BEGIN
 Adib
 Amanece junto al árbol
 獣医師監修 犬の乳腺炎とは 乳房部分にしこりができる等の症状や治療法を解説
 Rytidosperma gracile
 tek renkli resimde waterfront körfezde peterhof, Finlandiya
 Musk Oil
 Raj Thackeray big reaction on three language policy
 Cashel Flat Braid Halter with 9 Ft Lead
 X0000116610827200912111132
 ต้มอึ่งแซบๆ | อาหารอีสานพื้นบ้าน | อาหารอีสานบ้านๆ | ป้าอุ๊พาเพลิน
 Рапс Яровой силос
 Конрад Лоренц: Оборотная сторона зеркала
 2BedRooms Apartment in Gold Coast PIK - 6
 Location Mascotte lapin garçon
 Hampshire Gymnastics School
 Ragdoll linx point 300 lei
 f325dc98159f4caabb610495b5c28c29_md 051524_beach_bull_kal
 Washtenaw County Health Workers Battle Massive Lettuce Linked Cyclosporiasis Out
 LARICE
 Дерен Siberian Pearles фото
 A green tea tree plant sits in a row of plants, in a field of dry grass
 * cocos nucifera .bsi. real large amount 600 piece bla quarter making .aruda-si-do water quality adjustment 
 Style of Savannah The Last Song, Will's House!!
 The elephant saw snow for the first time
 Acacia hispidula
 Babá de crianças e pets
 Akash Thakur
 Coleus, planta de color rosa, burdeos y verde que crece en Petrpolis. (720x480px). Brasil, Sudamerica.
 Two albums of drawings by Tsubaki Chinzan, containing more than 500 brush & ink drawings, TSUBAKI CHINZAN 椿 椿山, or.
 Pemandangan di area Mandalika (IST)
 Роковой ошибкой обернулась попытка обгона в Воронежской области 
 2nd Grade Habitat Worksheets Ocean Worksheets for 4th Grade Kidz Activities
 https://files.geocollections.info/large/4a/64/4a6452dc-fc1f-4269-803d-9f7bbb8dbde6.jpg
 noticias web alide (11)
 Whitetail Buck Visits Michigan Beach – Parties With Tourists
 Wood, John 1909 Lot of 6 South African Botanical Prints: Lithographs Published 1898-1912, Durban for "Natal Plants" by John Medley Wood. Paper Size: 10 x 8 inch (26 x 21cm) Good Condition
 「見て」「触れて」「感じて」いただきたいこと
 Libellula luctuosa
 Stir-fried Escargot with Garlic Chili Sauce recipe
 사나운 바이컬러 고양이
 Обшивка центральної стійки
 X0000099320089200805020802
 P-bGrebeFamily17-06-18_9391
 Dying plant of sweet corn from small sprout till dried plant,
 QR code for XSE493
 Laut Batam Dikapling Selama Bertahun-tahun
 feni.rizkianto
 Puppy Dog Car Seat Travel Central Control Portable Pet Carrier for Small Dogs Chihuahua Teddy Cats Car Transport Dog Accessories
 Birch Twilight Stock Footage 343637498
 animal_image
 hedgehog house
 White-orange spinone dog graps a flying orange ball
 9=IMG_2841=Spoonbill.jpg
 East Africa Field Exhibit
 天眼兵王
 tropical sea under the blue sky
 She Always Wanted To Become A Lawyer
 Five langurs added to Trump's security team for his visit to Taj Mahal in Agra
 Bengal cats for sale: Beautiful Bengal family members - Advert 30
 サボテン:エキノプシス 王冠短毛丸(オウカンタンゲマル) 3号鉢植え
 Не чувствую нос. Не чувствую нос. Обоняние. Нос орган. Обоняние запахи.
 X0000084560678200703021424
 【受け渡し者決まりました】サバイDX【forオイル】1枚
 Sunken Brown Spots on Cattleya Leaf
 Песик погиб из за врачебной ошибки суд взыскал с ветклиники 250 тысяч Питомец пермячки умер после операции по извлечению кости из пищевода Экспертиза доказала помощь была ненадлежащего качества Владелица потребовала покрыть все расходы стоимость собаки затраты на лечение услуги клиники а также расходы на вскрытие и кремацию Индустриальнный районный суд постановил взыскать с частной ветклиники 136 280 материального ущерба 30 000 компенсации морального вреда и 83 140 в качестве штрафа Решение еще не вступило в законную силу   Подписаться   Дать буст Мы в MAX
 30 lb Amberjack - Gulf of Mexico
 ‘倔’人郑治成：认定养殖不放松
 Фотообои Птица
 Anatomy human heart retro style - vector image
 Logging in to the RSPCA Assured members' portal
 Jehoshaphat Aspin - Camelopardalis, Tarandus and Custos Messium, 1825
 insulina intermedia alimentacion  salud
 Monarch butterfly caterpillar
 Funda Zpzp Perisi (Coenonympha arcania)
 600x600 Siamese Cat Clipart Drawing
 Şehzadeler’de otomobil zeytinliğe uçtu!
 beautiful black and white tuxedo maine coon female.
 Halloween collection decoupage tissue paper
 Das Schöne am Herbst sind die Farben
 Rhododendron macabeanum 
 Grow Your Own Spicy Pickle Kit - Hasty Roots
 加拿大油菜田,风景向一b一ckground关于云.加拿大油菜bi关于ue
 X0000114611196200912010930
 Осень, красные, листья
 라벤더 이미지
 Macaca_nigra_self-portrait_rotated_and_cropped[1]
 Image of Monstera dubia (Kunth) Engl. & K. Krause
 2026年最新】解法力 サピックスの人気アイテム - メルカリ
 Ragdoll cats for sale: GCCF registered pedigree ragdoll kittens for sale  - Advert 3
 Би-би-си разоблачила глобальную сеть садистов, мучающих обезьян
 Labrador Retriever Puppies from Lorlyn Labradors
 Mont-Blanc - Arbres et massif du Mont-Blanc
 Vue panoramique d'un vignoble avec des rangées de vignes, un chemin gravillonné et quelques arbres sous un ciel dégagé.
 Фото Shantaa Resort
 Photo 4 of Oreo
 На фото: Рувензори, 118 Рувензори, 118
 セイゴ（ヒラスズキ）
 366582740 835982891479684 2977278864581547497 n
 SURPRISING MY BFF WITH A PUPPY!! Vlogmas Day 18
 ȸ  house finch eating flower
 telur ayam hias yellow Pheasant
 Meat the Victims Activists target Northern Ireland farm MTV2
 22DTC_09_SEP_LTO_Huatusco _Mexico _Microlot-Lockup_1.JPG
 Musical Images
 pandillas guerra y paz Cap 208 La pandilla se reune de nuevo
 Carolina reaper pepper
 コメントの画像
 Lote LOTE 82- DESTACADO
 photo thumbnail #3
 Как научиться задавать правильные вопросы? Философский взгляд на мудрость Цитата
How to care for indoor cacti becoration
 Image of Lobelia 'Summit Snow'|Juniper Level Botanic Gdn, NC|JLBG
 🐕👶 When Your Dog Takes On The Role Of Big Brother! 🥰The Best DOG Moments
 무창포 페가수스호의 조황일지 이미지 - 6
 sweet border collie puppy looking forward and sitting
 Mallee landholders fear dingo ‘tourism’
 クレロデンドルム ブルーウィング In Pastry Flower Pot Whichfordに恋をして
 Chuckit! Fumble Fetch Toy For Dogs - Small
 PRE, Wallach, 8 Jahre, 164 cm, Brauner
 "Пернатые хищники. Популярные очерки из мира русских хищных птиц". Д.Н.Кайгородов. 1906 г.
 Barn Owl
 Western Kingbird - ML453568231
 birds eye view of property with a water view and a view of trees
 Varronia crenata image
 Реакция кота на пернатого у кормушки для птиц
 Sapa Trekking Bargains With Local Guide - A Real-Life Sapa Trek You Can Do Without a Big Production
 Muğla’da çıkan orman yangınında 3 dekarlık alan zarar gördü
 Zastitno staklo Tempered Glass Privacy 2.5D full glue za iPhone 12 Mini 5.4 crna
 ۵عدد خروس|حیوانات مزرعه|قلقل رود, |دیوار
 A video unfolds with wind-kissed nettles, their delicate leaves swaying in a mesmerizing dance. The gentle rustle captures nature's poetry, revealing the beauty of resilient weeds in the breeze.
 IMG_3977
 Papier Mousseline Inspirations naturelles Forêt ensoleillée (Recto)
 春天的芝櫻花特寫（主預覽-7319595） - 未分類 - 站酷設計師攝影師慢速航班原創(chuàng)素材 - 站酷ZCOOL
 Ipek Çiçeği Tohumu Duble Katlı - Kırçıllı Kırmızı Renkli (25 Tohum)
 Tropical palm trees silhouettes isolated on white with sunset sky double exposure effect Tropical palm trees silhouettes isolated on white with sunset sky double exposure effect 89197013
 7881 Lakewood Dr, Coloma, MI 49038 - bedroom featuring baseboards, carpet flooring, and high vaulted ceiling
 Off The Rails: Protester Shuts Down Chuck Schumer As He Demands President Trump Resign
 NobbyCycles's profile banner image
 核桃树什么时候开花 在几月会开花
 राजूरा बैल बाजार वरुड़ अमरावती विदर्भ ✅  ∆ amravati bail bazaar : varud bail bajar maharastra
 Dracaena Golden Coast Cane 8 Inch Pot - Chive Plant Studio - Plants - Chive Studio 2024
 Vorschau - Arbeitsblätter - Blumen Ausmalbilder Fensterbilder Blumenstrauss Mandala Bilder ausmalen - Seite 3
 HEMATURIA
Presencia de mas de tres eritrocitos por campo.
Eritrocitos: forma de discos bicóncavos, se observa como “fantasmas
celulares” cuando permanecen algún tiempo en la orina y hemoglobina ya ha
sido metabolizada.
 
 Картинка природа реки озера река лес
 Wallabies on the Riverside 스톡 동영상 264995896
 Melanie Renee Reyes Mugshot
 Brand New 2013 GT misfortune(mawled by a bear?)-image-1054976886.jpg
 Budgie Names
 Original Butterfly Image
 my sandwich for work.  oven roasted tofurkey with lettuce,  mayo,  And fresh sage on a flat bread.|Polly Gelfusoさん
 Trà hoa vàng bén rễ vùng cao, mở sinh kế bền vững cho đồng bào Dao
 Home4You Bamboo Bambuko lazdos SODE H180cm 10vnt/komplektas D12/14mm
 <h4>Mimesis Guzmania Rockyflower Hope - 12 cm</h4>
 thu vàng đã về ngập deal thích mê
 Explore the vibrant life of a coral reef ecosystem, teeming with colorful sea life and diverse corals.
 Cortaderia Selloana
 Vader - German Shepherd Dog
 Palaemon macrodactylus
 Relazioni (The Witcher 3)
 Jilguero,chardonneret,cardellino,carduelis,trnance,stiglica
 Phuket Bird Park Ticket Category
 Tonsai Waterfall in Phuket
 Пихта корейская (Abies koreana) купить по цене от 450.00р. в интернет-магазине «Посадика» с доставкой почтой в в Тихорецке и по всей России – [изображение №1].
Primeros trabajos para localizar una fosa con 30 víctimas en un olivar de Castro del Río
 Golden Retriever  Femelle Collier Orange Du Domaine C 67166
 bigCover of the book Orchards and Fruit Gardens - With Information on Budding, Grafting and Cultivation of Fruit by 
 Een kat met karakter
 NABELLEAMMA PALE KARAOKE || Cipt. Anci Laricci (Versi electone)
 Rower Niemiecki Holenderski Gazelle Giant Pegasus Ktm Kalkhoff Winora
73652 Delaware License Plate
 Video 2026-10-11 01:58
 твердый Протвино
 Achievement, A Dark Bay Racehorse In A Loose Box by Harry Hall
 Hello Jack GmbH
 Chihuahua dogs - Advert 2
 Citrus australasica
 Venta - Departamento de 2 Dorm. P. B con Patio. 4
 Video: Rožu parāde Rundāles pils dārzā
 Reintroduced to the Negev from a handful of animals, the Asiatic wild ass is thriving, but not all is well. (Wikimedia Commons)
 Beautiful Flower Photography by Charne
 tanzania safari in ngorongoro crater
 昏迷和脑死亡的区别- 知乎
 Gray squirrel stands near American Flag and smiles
END
* _Your goal_: The lines holding the string "large" are what is needed from the material above.

* _Answer below_:
 * cocos nucifera .bsi. real large amount 600 piece bla quarter making .aruda-si-do water quality adjustment 
 https://files.geocollections.info/large/4a/64/4a6452dc-fc1f-4269-803d-9f7bbb8dbde6.jpg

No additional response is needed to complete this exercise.